Cependant le débat a porté sur la citoyenneté en interrogation. Nabil Smida, chercheur politique à l’Observatoire tunisien de la sécurité globale OTSG, a mis l’accent sur un point de départ: « les policiers sont des citoyens comment les autres ». La réponse est évidente d’après lui: « On doit les considérer comme des fonctionnaires et surtout des citoyens, le fait de participer à la vie publique, même si certains pensent que ça touche à la neutralité, qui peut avoir plusieurs définitions: la neutralité dans le sens pas de politisation, pas de prise de position partisane, dans l’administration et là c’est une contrainte à tous les fonctionnaires, y compris les policiers. Je pense que tout le monde a des choix, des opinions et exercer un métier ».
Il ajoute : « Je ne pense pas qu’un agent de la police, le fait qu’il exprime un vote, peut nuire à l’administration. Bien au contraire, je pense que ça renforce le lien par rapport à l’Etat, ça consolide l’engagement ainsi que la citoyenneté ».
Comment expliquez-vous cette méfiance de la sphère politique, qu’elle soit de l’opposition ou du gouvernement. « Ceci on peut le définir comme un réflexe de conservatisme, la peur de changement », estime-t-il.
Selon lui, le monde moderne va dans le sens du changement. Citant les pays démocratiques tels que les pays européens où toutes les nouvelles démocraties ont choisi la voix de faire participer les agents de l’appareil sécuritaire, parce qu’il considère que cela renforce la démocratie: ça donne plus de maturité, ça leur engage et ça leur responsabilise et c’est très important on aura des agents de l’appareil sécuritaire des citoyens les plus normaux.

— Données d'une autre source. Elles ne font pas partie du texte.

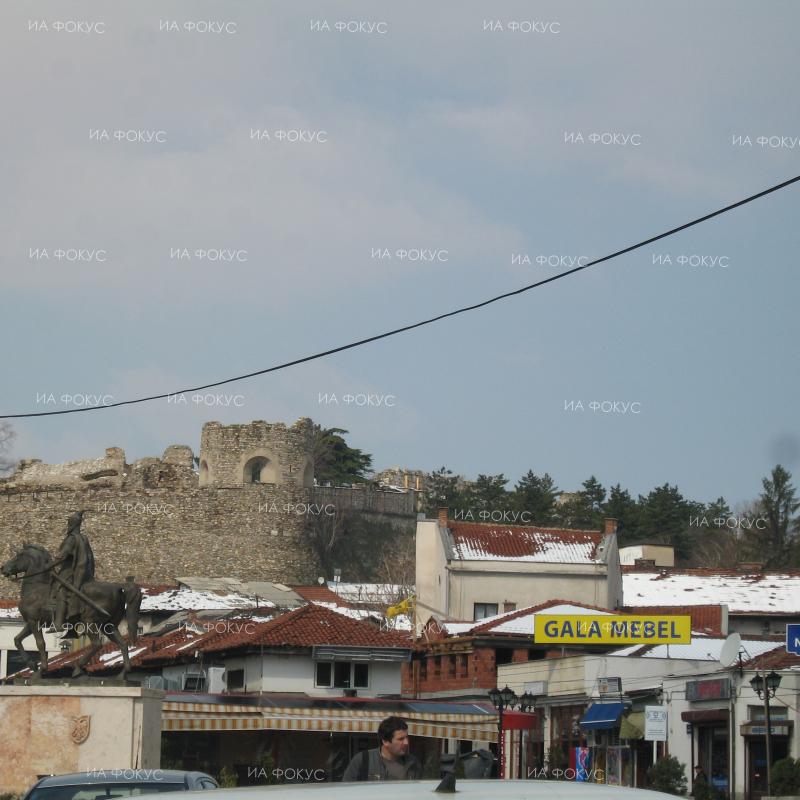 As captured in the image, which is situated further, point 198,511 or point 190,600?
point 198,511

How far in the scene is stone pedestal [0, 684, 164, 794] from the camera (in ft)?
58.0

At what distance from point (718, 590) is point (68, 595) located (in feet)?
131

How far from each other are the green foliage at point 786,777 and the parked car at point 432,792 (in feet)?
69.8

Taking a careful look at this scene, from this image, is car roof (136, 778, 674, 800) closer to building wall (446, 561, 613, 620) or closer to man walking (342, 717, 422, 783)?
man walking (342, 717, 422, 783)

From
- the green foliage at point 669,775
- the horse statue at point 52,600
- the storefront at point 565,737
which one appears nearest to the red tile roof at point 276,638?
the storefront at point 565,737

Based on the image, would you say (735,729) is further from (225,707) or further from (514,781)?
(514,781)

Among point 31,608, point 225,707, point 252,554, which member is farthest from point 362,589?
point 31,608

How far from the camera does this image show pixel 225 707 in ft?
106

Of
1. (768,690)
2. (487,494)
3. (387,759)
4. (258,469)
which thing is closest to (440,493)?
(487,494)

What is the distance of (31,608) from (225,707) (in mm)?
14067

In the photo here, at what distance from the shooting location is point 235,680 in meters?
39.6

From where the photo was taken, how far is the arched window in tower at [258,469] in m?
72.2

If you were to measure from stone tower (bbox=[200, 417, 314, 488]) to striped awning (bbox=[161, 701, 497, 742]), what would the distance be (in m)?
Result: 37.8

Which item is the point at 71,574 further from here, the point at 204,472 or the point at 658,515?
the point at 658,515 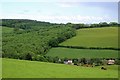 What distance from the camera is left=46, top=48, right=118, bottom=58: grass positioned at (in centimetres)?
6515

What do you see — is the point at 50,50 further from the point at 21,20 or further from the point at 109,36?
the point at 21,20

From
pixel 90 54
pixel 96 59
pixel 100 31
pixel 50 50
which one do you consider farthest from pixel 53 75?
pixel 100 31

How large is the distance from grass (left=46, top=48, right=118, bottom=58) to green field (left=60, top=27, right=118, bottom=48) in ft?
16.5

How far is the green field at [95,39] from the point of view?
253 feet

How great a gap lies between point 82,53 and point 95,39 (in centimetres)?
1791

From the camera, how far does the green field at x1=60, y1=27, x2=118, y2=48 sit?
253 feet

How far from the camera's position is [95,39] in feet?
279

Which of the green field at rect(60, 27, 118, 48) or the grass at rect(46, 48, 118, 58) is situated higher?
the green field at rect(60, 27, 118, 48)

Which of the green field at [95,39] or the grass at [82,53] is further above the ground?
the green field at [95,39]

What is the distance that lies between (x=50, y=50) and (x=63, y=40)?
39.6 ft

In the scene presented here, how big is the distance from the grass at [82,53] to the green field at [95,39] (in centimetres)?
504

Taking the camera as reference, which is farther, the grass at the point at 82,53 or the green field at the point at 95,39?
the green field at the point at 95,39

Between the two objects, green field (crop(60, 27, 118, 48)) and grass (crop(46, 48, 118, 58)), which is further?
green field (crop(60, 27, 118, 48))

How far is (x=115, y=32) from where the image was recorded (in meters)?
92.4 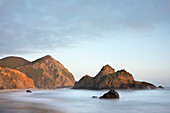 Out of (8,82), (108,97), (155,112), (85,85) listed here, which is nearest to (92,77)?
(85,85)

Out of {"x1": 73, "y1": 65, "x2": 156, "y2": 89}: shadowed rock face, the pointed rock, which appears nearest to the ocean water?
{"x1": 73, "y1": 65, "x2": 156, "y2": 89}: shadowed rock face

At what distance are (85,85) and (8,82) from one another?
5669 cm

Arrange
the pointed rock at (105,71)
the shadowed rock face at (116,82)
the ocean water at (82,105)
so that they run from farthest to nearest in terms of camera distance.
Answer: the pointed rock at (105,71) < the shadowed rock face at (116,82) < the ocean water at (82,105)

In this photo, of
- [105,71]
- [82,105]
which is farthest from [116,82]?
[82,105]

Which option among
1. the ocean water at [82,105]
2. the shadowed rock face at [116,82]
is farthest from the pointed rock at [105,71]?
the ocean water at [82,105]

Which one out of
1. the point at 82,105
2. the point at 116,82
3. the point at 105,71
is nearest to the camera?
the point at 82,105

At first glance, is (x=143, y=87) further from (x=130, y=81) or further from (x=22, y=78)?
(x=22, y=78)

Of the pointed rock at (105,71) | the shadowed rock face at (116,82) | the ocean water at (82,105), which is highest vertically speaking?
the pointed rock at (105,71)

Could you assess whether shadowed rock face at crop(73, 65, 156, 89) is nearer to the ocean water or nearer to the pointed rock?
the pointed rock

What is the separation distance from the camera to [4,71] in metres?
147

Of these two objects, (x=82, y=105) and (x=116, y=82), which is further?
(x=116, y=82)

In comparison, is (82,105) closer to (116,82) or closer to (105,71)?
(116,82)

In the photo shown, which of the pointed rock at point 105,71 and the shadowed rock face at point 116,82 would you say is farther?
the pointed rock at point 105,71

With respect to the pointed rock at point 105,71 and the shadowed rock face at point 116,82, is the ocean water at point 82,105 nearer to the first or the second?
the shadowed rock face at point 116,82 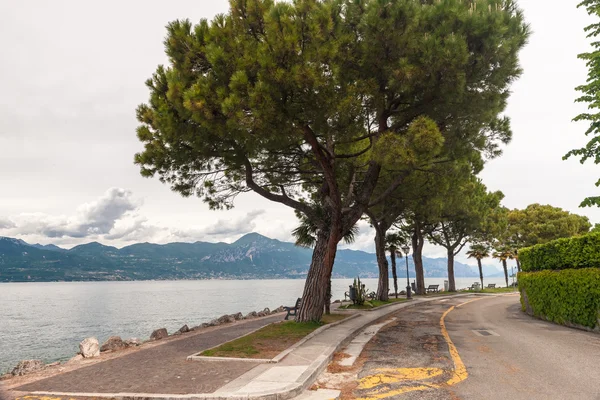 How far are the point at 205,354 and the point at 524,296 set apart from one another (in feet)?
61.2

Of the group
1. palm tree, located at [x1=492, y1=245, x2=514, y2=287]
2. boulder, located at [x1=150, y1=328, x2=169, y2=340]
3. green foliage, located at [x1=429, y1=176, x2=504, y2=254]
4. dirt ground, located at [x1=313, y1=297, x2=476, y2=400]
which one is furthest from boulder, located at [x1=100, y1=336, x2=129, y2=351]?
palm tree, located at [x1=492, y1=245, x2=514, y2=287]

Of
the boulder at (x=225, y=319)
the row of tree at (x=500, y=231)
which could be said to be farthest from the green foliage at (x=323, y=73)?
the row of tree at (x=500, y=231)

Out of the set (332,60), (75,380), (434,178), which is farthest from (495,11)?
(75,380)

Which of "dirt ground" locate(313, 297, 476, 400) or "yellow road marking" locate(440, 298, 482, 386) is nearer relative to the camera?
"dirt ground" locate(313, 297, 476, 400)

Présente lors du débat, Leila Chettaoui, députée du parti Nidaa Tounes, « une bonne partie des députés voteraient favorablement pour un droit de vote aux forces sécuritaires, mais pas aux militaires », a-t-elle indiqué. Or la vraie question comment ancrer la citoyenneté pour qu’elle soit davantage mise en pratique, et responsabiliser. mais aussi de notion de combiner les deux.
Elle conclut : « Je pense que nous allons certainement arriver à un consensus sur le droit de vote au niveau des élections locales donner aux forces sécuritaires ».
Quant à la question “Le policier a-t -il le droit de voter ?”, le débat ne fait que commencer.